But it’s not just the network. Society itself is being reconfigured, because control is eroding central organizations, in favor of edge power.
The “network is attacking itself” – its central pieces are getting de-fragmented and re-purposed autonomously.
Unbundling is rising. The more internal pieces are unbundled, the more the center gets weakened, and some of its intrinsic pieces become new enablers on their own.
Devices, processes and people that needed a center to interact are now communicating and connecting with each other directly.
Old paradigms are being shattered. Central trust is shifting to distributed trust, i.e. trustless transactions, contracts, interactions.
This means that:
- Centers are changing their roles
- Edges have more power
Collectively, more can be done, and collectively more is enabled, and more is re-configured. The participants are at the edges, but not only do they participate, they also reap the benefits.

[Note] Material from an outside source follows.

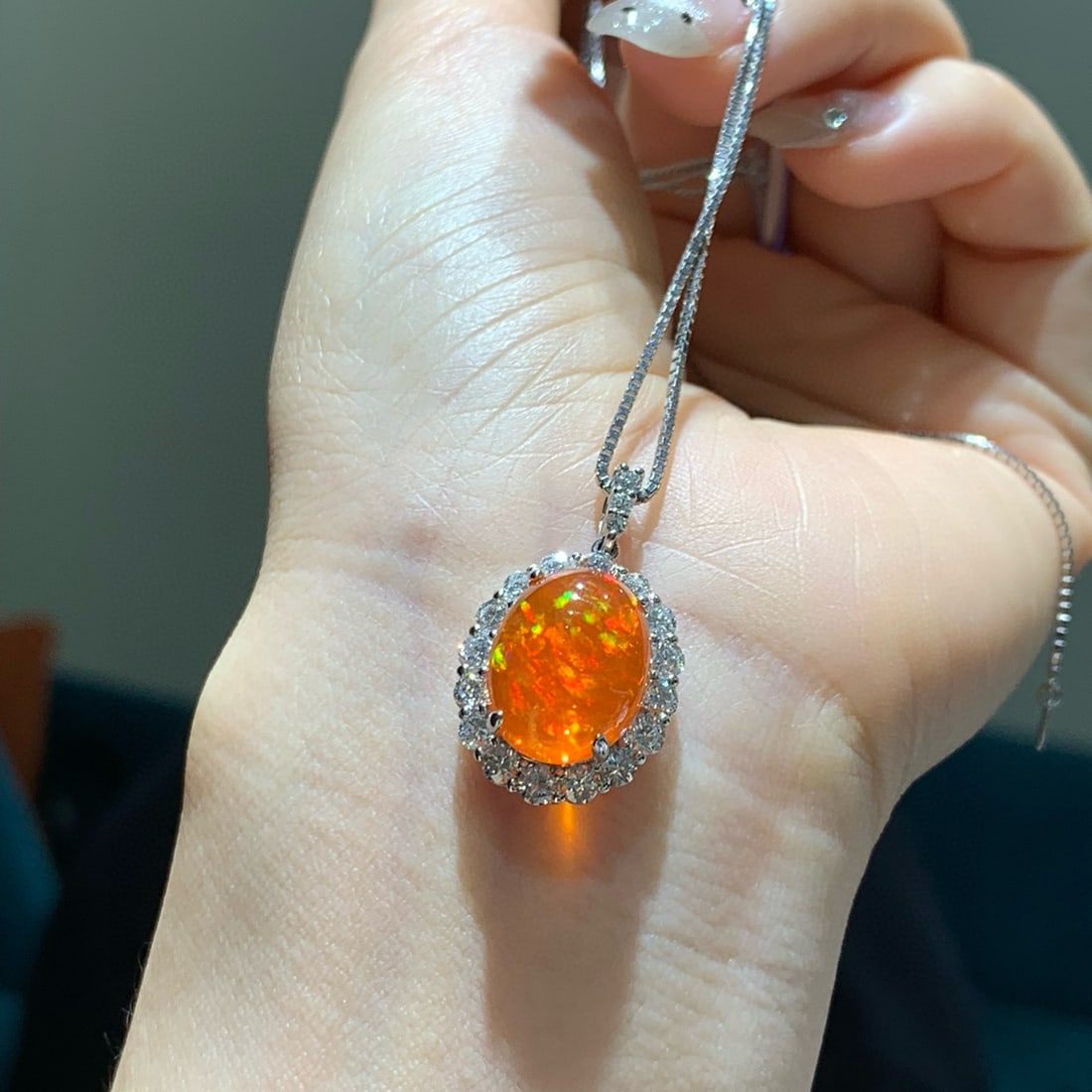 14k Gold 7.74 Ctw Natural Opal & Diamond Pendant( Without Chain ): Ref:231090449 // gold content:14k gold // main gemstone:opal // shape:oval // carat weight:6. 33ct // color:orange // treatment:natural // // adjacent gemstone 2 : diamond // shape:round // carat weig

In conclusion, I realize that I’ve dumped a lot of (unfinished) thoughts in this post, and not provided examples. But this was my first attempt to articulate what’s been in my head in the past 6 months.
- What are you seeing in decentralization?
- Is it a fad or a reality?
- What will be the impact?
- What additional areas are being impacted?
- Why should we care about this?
- Is this one of the more significant trends of this decade?
- What are the risks and perils?
- What are the obstacles?
- What are the opportunities and benefits?